Blackstone bought Amazon’s distribution centre in Odawara, Japan
Expressions of interest were submitted at the end of last year, with Mapletree and Itochu advised on the disposal by JLL.
Located mainly in the Greater Tokyo area, five of the six warehouses are fully leased, with the overall occupancy of the sheds standing at 90 percent, according to market sources.
The portfolio includes Internet shopping titan Amazon’s fulfilment centre for the Greater Tokyo area, a two building facility in the city of Odawara, 80 kilometres southwest of the capital, which has a combined net lettable area of nearly 200,000 square metres.

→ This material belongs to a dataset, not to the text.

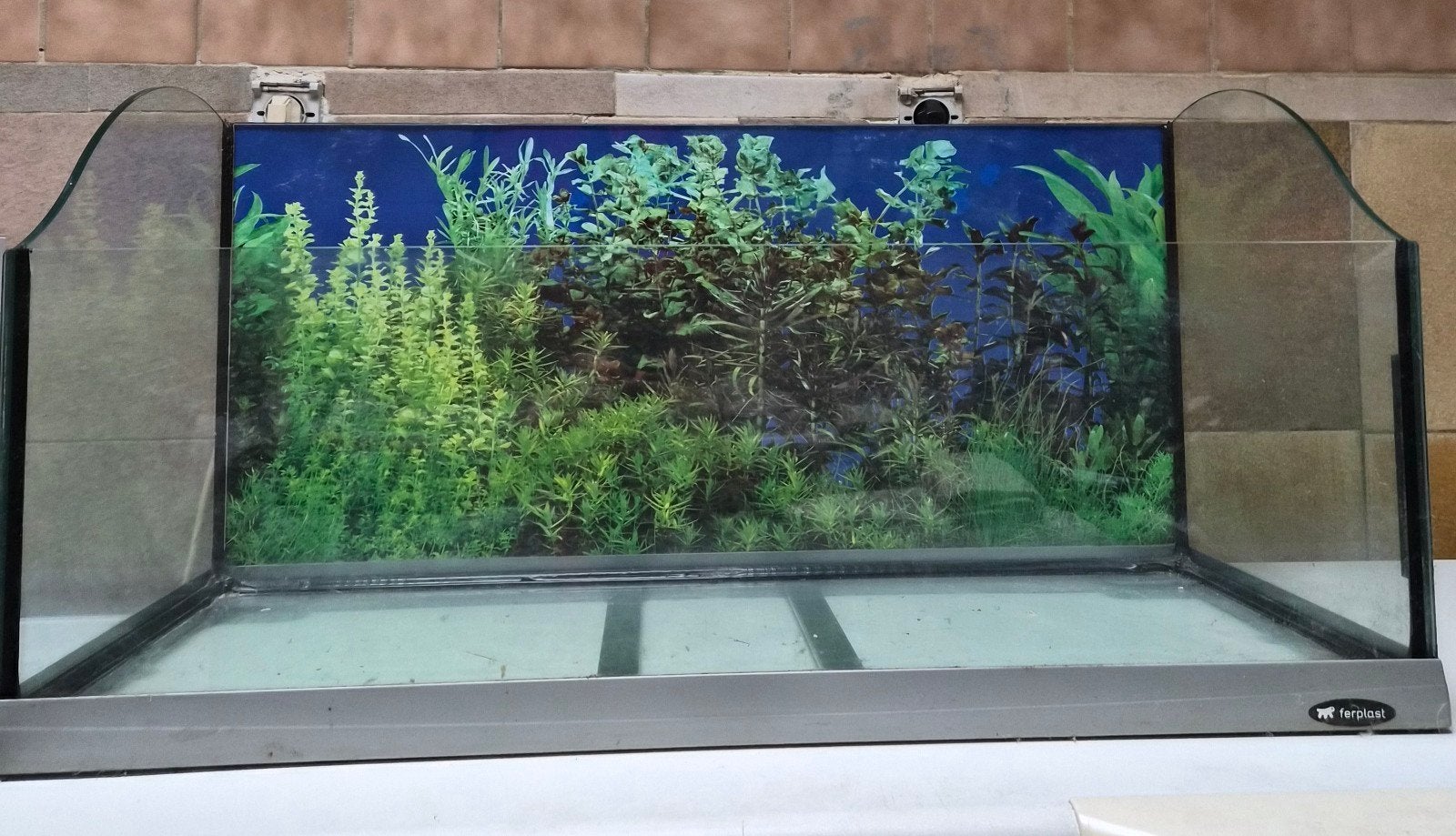 ferplast aquarium, Animaux & Accessoires, Enlèvement, Utilisé, Aquarium vide, Autres marques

No further details were made available about the other assets in the portfolio, all of which are described by market sources as large scale facilities in Greater Tokyo tenanted by Japanese third party logistics providers.
Blackstone Builds a Global Logistics Portfolio
Global Co-Head of Blackstone Real Estate, Ken Caplan, said at the time of the asset manager’s GLP acquisition in June that logistics is the company’s highest conviction global investment theme as it builds up a portfolio to meet growing e-commerce demand.

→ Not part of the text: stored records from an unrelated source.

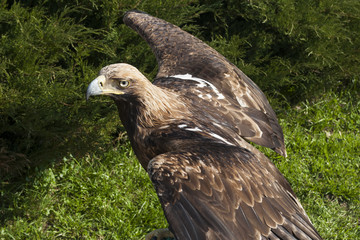 Aquila chrysaetos eagle spreding his wings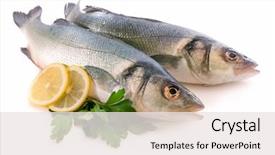  Presentation with herbs - PPT theme having seabass fish dicentrarchus labrax background and a sky blue colored foreground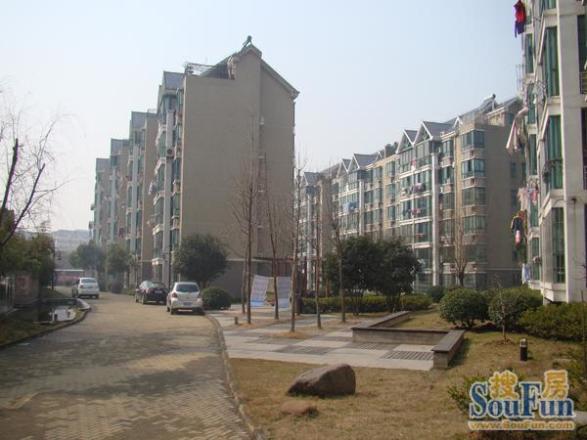 星河翠庭实景图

That June deal nearly doubled the size of Blackstone’s industrial portfolio in the US, adding 179 million square feet (16.6 million square metres) of city-based infill facilities to its holdings.
The investment manager has made Japan the target for its most recent logistics buy at a time when online shopping has changed the logistics real estate sector and continues to drive demand.
Reverse Logistics A Game Changer for the Sector
“The investment outlook for the sector is bright, especially given the growing demand for highly automated facilities that can serve major urban areas in short spaces of time. This has further increased with the demands of reverse logistics from e-commerce and the aging population in Japan which is becoming more and more dependent on online shopping for their growing needs,” said Pelham Higgins, JLL’s Head of Industrial Capital Markets in Japan and Korea.
“The shift to online shopping has had a profound effect on logistics real estate infrastructure because unlike traditional retail supply chains e-commerce involves reverse logistics (ie items being sent back), smaller and more frequent deliveries, a rapid move to same day deliveries, and an increase in stock keeping units within existing supply chains.”
These factors have resulted in an even greater need for modern logistics space in Japan, according to Higgins.
The logistics veteran predicts that these trends will continue across Japan and globally, with what he calls the “next frontier” being the emergence of last mile logistics driven by the growing need for urban infill logistics facilities to cater for same-day deliveries and also for the distribution of perishable non-discretionary goods as people in Japan shop less regularly at retail outlets.
Mapletree’s Second Japan Shed Disposal in 3 Months
Mapletree’s disposal to Blackstone comes three months after the company’s Singapore-listed REIT, Mapletree Logistics Trust, sold a portfolio of five Japanese warehouses to Godo Kaisha T&C for JPY 17.52 billion.
The trust said in a statement that it had sold the 87,871 square metre portfolio because the facilities, which were completed between 2005 and 2007, had a limited future income growth and a lack of redevelopment potential.
According to the most recent market data from JLL, the average vacancy rate for logistics real estate in Greater Tokyo was 4.1 percent at the end of the first three months of the year, unchanged from the previous quarter, while average rent stood at JPY 4,251 per tsubo (3.3 square metres) per month, a 0.8 percent growth compared with the last three months of 2018.